WHAT THE TASK REQUIRES: A faithful copy is needed of the lines below from the one with "温州小猫走丢2天在上海被收养 猫凭本事上了上海户口厉害啊！_新闻频道_中华网" up to and including the one with "Bamboo forest in Arashiyama, Kyoto, Japan Bamboo"; set it down with no pictures and no other lines.

MATERIAL FOR THIS EXERCISE Block Start

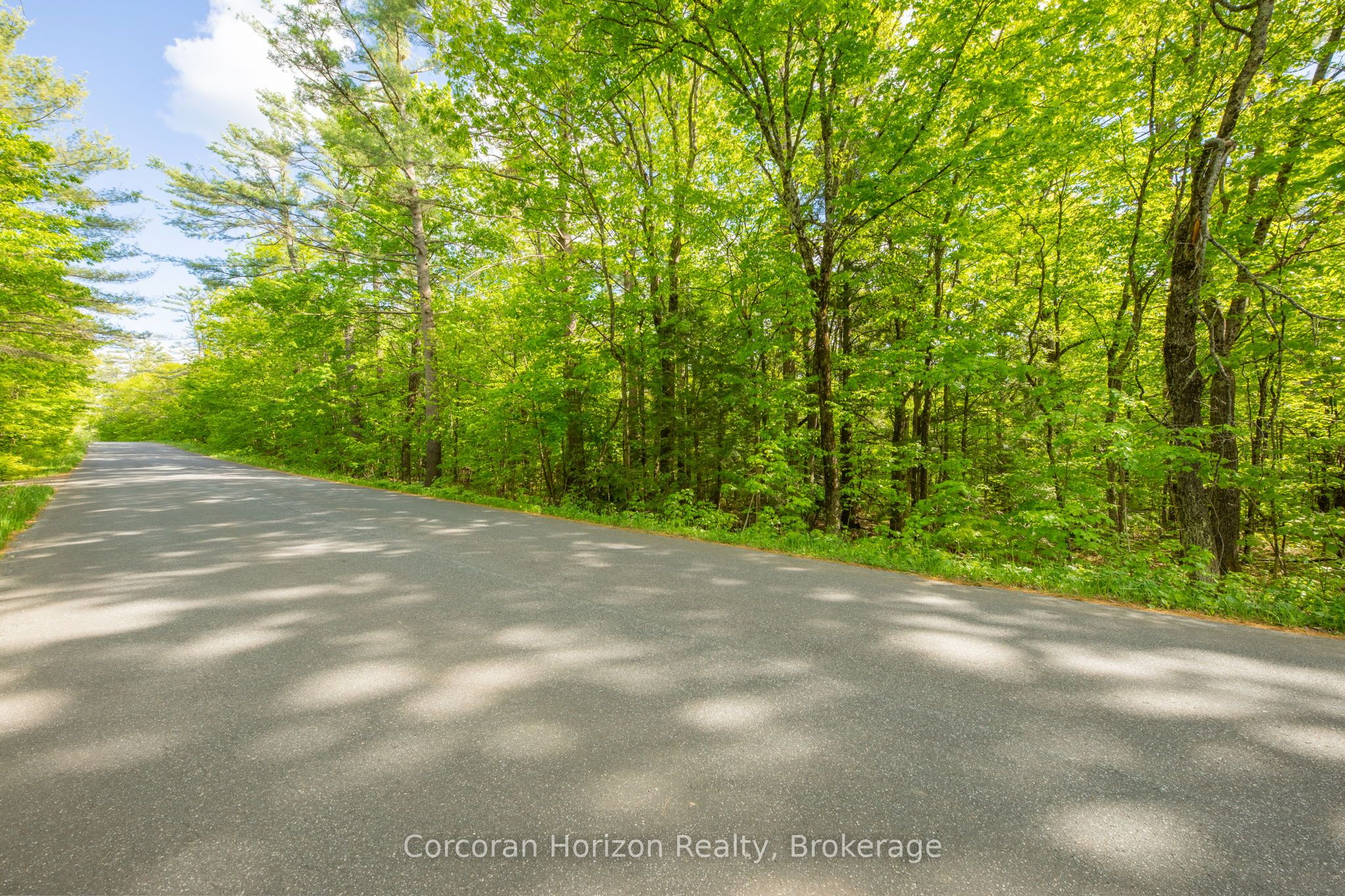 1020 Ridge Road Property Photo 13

MATERIAL FOR THIS EXERCISE Block End
MATERIAL FOR THIS EXERCISE Block Start

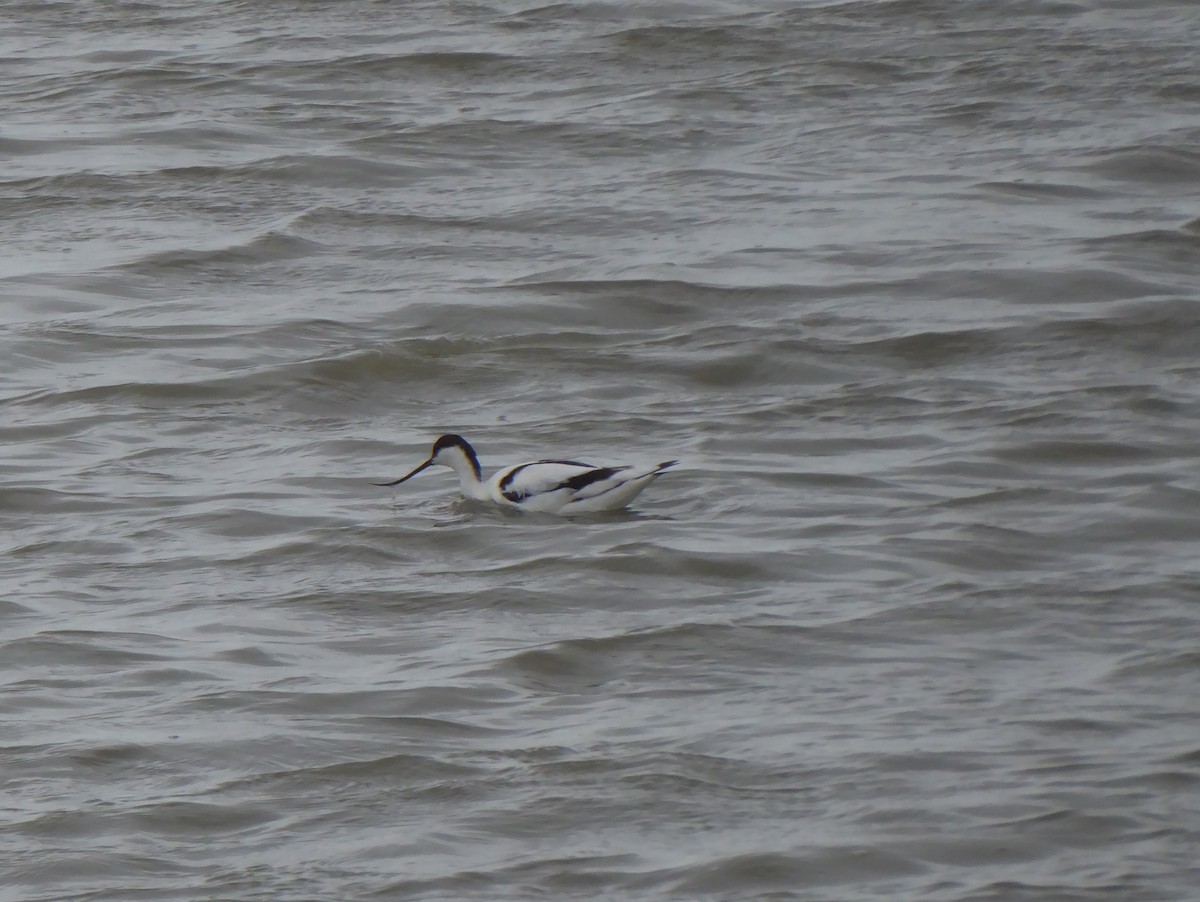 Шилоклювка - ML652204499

MATERIAL FOR THIS EXERCISE Block End
MATERIAL FOR THIS EXERCISE Block Start

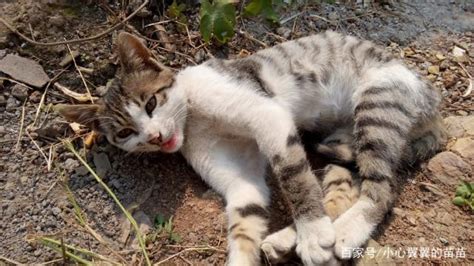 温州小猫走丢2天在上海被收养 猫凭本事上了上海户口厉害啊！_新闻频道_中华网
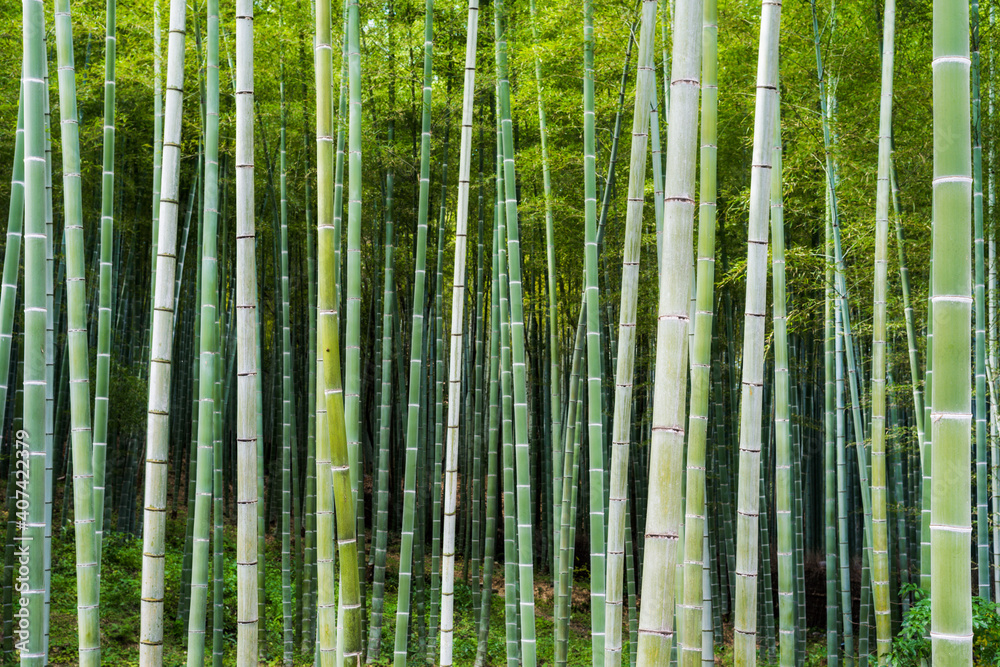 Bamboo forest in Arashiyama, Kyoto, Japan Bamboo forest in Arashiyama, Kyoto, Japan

MATERIAL FOR THIS EXERCISE Block End

SOLUTION TO THIS PROBLEM:
 温州小猫走丢2天在上海被收养 猫凭本事上了上海户口厉害啊！_新闻频道_中华网
 Bamboo forest in Arashiyama, Kyoto, Japan Bamboo forest in Arashiyama, Kyoto, Japan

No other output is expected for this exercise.